:: Data section ::
+===+

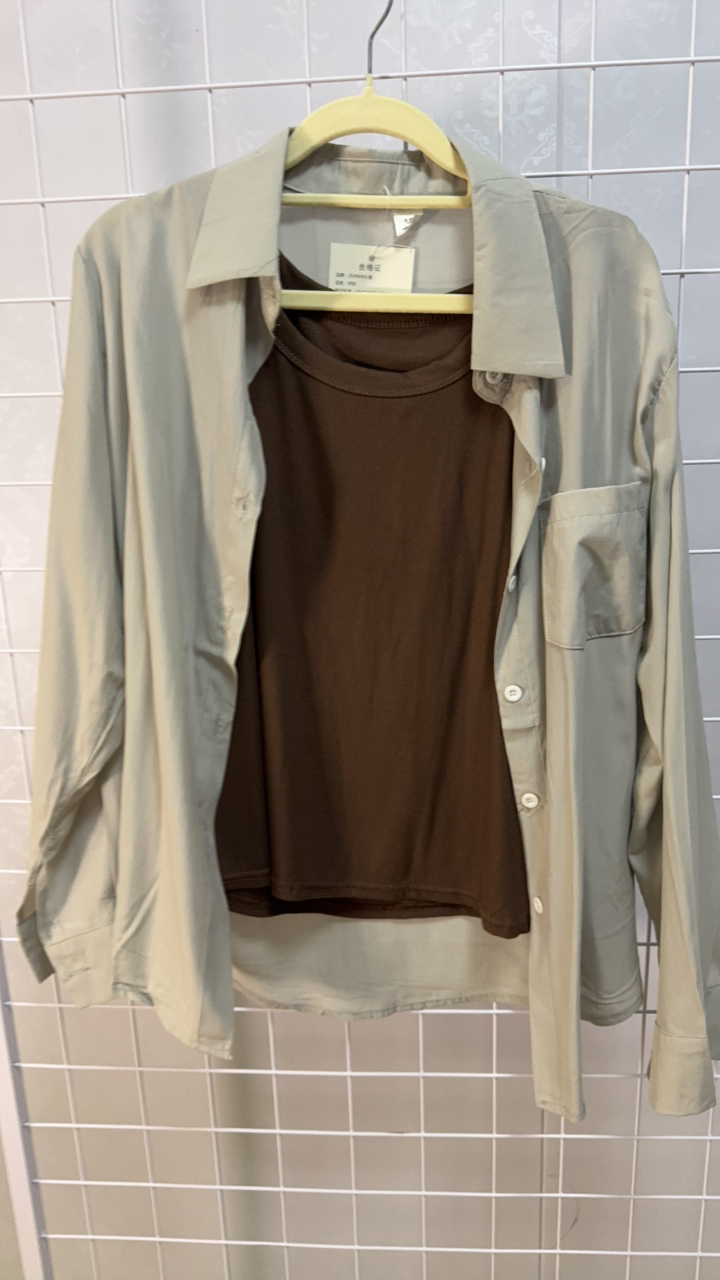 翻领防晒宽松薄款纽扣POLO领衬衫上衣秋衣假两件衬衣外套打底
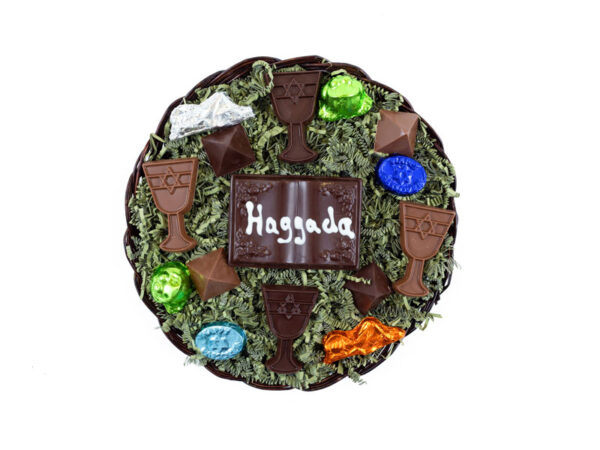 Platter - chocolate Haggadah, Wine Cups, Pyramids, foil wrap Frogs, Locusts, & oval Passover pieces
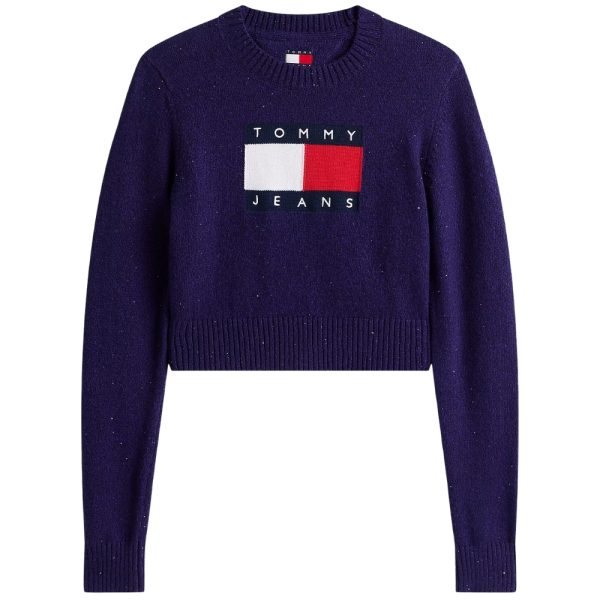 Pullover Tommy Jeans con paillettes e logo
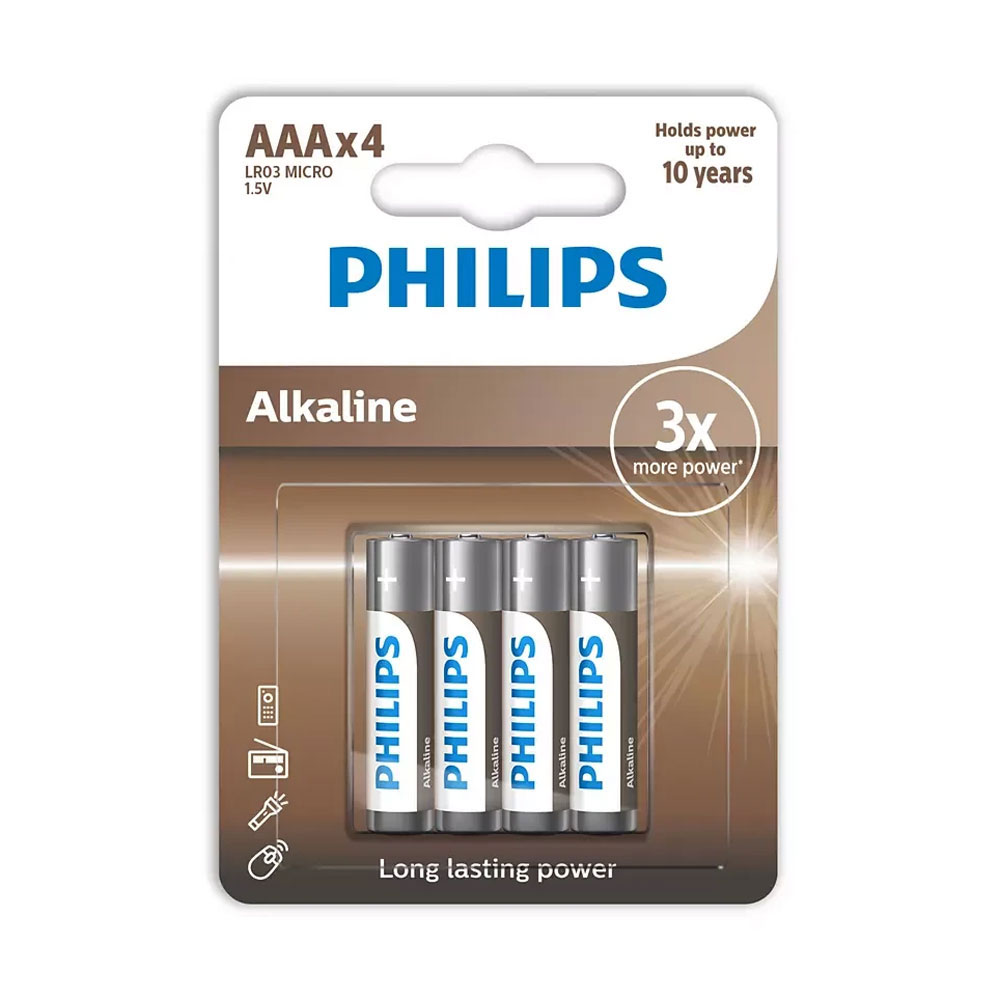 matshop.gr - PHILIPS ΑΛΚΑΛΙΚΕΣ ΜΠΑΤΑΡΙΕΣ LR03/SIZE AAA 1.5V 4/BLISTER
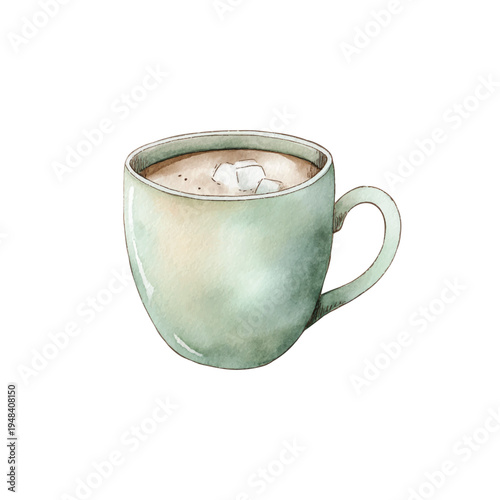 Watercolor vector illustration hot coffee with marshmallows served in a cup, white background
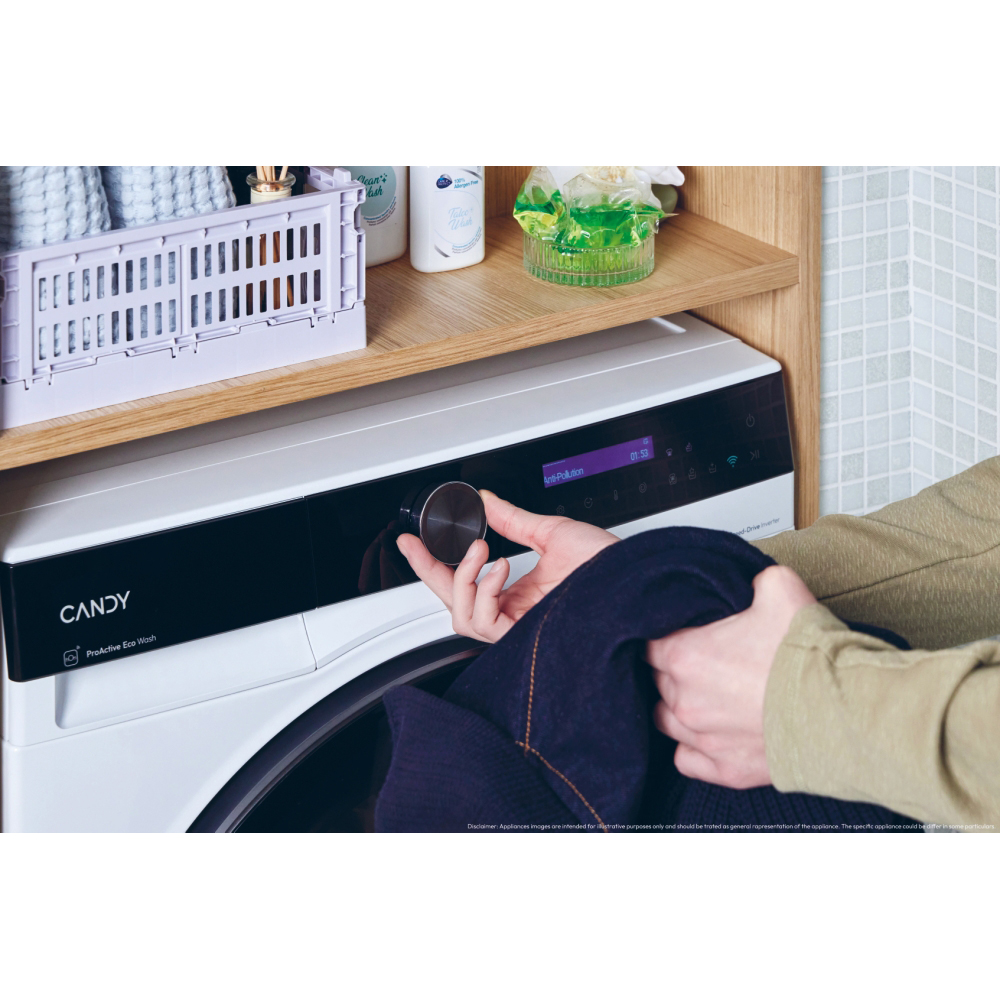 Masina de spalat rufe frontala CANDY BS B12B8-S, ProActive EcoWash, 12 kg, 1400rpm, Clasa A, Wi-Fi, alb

+===+

:: What you should do ::
The last line of the entries marks the end, and the line with "Platter - chocolate" marks the start. Output exactly those two lines and every line between them, nothing else, with the pictures left out.

:: Answer to this problem ::
 Platter - chocolate Haggadah, Wine Cups, Pyramids, foil wrap Frogs, Locusts, & oval Passover pieces
 Pullover Tommy Jeans con paillettes e logo
 matshop.gr - PHILIPS ΑΛΚΑΛΙΚΕΣ ΜΠΑΤΑΡΙΕΣ LR03/SIZE AAA 1.5V 4/BLISTER
 Watercolor vector illustration hot coffee with marshmallows served in a cup, white background
 Masina de spalat rufe frontala CANDY BS B12B8-S, ProActive EcoWash, 12 kg, 1400rpm, Clasa A, Wi-Fi, alb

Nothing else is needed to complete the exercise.